Playing the right way

Basketball coaches often talk about “playing the right way”. Execute sound fundamentals as an individual, cooperatively create and use space as a teammate, be heard and be polite, play hard and play clean, and so on. Winning is swell, but it really oughta take a back seat to playing the right way (in real life and beer commercials, winning is what matters most, which is a societal flaw).

Chess is the same way, but the difference is that most chess coaches think teaching kids to play the right way is drilling them in master practice. Master practice is the right way for masters, not kids in chess classes.

99 percent of chessplayers are not masters. 99 percent of children playing chess stop playing before the 6th grade. If I’m talking to 10,000 kids, I’m teaching them to — in basketball terms — press for 40 minutes, and run with every possession. Play in a fun way. Generate tactical situations in order to practice tactics (passive defensive play is for other chess teachers). Coordinating the pieces to create tactics is fun, and in that 1-in-10,000 case where the kid actually will become a chess master, that kid will have a better tactical foundation.

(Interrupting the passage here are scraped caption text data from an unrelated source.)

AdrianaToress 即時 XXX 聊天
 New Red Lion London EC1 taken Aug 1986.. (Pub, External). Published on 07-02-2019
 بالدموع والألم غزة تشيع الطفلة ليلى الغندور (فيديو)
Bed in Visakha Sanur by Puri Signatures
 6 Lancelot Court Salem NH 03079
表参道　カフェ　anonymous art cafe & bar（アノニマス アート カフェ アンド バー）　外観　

One of my students showed me a game he played in a summer chess camp last Friday (which was my birthday, and I was working in an office instead of teaching chess — go figure). His opponent played the way I want kids to play. My student won the game after his opponent blundered badly, but I hope our lesson impressed upon the kid that I’d rather his opponents played to grab loose stuff while leaving the pieces undeveloped.